But, I'm trying to get an interview setup with the OneCare team to get their side of the story.
This Spencer the Katt cartoon in eWeek is funny. Spencer the Katt is an anonymous column in eWeek. Lots of gossip and other stuff. I haven't read it regularly for years, but in the 90s I used to look forward to seeing that. What changed? Blogs. After all, now we can get gossip and rumors 24 hours a day, not just once a week when a print mag comes out.
Want a rumor? Come back tonight. I hear that one news aggregator company is acquiring another and tonight I'll have the details. It's going to be a big week for syndication.
WebTalkRadio's Rob Greenlee: Is Podcasting Becoming Just Radio Again?
Rob should know something about this. He's been doing radio on the Internet since the late 1990s.
Speaking of Channel 9. The guys over there are trying to get more Microsoft employees to get involved in the forums there. So Jamie did a few advertising posters that are quite fun!
If you're a Microsoft employee, it'd be fun for you to post and say that you're hanging out there.
Reel Reviews, a podcast about movies, is turned down by Netflix for its affiliate program and writes about it.
I've been subscribed to Reel Reviews for a while now and it's good stuff for movie buffs.
James Snell, who works at IBM, just sent me IBM's Blogging Guidelines.
Sounds good, although I've broken at least three of these in the past two years and now many teams at Microsoft use blogs to communicate news with the outside world, which doesn't seem to be allowed by these guidelines. I guess my style of blogging wouldn't be welcome at IBM.

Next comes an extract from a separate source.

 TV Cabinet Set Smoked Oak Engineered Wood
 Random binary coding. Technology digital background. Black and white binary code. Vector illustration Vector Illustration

But, I understand that not every company can blog the way Microsoft's employees and teams are doing. Since I've talked with dozens of employees of different corporations in the past few weeks I know that every corporate culture is different.
IBM also has decided, for now, not to have a centralized resource for employee blogs (like what Sun Microsystems and Microsoft are doing -- see http://blogs.msdn.com and http://blogs.technet.com for Microsoft's employee blogs).
I also know of at least one IBM blog (that I won't name, cause it's one of my favorites to read) that has broken at least one of these guidelines. I wonder what kind of conflict that'll cause over time?
What blog rules would you enact at your company? What do you think about IBM's?
Rafe answers back and asks how bloggers can have a better cross-domain conversation?
One way would be if I turned on trackback technology, but I've decided not to use that on this blog.
But, that's the weak point of blogs. If you wanna have a rapid-fire conversation it's often better to drop into a Web forum. The advantage of having loosely-coupled conversations, like we're doing here, is the signal-to-noise ratio remains high.
I just put a bunch of stuff up on the link blog, including a photo of Bill Gates on the cover of Time this week.
Joey, the Accordion Guy, cracks me up: "I am Ten Scobles!"
If I'm +lucky+ I'm 1/10th a Joey. I can't play accordion. That's all the proof you need!